What you are asked to do:
Reproduce the records below exactly, but only between the lines holding "SO close! Will have a soft opening date..." and "Prince Yukesh Singh", inclusive.

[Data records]
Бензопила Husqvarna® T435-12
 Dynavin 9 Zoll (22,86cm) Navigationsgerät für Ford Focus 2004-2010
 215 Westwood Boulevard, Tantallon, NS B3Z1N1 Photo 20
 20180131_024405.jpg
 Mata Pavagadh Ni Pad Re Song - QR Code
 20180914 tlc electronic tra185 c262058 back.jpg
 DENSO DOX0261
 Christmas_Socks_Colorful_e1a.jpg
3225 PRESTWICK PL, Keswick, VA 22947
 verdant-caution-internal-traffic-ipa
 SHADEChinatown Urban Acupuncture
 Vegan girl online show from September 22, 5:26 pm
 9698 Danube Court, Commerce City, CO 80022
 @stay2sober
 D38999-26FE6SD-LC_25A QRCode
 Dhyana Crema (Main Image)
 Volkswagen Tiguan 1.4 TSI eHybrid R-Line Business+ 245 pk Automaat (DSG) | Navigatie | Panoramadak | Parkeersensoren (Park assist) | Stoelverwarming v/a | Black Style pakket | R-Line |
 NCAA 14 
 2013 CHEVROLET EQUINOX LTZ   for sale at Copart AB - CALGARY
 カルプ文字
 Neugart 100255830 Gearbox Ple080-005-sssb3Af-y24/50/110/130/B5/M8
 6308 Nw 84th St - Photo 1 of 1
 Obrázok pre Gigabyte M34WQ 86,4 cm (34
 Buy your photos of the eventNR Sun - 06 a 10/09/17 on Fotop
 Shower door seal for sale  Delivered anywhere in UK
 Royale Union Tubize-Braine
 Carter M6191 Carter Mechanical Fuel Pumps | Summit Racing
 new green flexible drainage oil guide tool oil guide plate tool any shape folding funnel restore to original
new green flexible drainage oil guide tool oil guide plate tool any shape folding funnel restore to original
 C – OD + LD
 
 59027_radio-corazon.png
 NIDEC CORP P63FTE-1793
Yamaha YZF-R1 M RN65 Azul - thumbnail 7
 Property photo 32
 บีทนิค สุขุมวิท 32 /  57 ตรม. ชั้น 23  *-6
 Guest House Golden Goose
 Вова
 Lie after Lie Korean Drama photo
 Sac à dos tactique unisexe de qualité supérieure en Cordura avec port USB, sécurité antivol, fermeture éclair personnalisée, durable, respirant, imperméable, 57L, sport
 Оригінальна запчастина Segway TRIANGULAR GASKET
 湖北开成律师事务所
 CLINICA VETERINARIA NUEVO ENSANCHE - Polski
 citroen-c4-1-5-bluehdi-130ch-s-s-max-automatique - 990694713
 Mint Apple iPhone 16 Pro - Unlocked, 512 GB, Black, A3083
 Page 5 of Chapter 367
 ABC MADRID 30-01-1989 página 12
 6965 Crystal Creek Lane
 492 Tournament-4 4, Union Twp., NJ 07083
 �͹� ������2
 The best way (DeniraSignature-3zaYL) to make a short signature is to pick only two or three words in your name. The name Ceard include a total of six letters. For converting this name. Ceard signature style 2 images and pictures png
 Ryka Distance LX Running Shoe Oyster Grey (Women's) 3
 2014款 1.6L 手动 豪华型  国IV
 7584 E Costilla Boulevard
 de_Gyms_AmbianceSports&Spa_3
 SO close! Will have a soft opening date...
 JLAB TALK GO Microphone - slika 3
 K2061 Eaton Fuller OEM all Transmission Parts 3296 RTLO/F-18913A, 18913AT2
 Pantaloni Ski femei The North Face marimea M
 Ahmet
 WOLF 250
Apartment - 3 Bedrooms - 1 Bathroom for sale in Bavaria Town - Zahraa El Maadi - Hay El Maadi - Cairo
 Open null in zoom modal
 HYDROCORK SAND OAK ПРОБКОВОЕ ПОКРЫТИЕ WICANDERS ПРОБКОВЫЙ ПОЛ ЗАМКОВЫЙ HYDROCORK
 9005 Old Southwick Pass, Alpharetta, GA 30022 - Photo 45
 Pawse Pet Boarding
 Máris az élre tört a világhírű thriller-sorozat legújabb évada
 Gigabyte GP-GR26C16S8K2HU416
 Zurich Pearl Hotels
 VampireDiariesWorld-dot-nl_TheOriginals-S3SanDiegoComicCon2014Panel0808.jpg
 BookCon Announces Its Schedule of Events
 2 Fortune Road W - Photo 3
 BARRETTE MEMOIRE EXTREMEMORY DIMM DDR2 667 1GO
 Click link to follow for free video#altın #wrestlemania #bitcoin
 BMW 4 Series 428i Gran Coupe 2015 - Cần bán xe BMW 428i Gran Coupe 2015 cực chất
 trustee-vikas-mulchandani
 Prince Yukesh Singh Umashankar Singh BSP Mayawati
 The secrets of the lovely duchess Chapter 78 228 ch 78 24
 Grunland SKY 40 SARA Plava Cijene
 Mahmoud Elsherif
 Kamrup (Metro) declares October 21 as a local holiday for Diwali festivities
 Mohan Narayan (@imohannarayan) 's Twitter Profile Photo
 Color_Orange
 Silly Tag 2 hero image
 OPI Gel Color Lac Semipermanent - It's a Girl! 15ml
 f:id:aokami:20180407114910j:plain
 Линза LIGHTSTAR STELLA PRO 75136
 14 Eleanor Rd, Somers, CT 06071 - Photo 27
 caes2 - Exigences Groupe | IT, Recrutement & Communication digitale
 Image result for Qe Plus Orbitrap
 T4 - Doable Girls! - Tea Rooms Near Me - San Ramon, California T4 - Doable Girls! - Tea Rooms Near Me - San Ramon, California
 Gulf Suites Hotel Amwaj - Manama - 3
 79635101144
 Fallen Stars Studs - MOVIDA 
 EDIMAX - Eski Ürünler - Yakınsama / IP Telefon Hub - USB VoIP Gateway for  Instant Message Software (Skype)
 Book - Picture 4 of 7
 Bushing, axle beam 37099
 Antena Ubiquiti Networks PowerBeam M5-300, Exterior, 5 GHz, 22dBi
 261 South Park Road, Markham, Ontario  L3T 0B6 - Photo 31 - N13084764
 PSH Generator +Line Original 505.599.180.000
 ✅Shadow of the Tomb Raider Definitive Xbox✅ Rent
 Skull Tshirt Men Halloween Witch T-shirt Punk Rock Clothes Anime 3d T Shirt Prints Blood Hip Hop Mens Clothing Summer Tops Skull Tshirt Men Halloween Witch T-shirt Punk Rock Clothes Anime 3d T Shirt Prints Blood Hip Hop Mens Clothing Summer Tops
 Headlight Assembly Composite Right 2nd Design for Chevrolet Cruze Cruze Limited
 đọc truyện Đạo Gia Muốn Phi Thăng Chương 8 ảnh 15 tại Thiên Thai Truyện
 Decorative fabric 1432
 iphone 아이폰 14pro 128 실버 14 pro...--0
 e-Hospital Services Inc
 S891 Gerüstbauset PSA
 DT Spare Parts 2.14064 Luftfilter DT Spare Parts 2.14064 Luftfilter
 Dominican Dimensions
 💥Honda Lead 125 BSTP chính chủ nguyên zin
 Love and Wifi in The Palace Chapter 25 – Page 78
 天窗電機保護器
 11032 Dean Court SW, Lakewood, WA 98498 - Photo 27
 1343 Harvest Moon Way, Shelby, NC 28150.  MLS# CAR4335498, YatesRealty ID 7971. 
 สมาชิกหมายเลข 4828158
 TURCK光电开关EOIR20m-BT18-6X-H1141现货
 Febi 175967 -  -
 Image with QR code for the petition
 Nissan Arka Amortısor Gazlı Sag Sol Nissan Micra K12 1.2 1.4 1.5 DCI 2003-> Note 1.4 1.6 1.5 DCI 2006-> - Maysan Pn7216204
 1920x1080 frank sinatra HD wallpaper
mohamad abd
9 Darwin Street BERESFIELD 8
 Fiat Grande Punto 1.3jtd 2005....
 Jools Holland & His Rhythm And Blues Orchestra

Response area:
 SO close! Will have a soft opening date...
 JLAB TALK GO Microphone - slika 3
 K2061 Eaton Fuller OEM all Transmission Parts 3296 RTLO/F-18913A, 18913AT2
 Pantaloni Ski femei The North Face marimea M
 Ahmet
 WOLF 250
Apartment - 3 Bedrooms - 1 Bathroom for sale in Bavaria Town - Zahraa El Maadi - Hay El Maadi - Cairo
 Open null in zoom modal
 HYDROCORK SAND OAK ПРОБКОВОЕ ПОКРЫТИЕ WICANDERS ПРОБКОВЫЙ ПОЛ ЗАМКОВЫЙ HYDROCORK
 9005 Old Southwick Pass, Alpharetta, GA 30022 - Photo 45
 Pawse Pet Boarding
 Máris az élre tört a világhírű thriller-sorozat legújabb évada
 Gigabyte GP-GR26C16S8K2HU416
 Zurich Pearl Hotels
 VampireDiariesWorld-dot-nl_TheOriginals-S3SanDiegoComicCon2014Panel0808.jpg
 BookCon Announces Its Schedule of Events
 2 Fortune Road W - Photo 3
 BARRETTE MEMOIRE EXTREMEMORY DIMM DDR2 667 1GO
 Click link to follow for free video#altın #wrestlemania #bitcoin
 BMW 4 Series 428i Gran Coupe 2015 - Cần bán xe BMW 428i Gran Coupe 2015 cực chất
 trustee-vikas-mulchandani
 Prince Yukesh Singh Umashankar Singh BSP Mayawati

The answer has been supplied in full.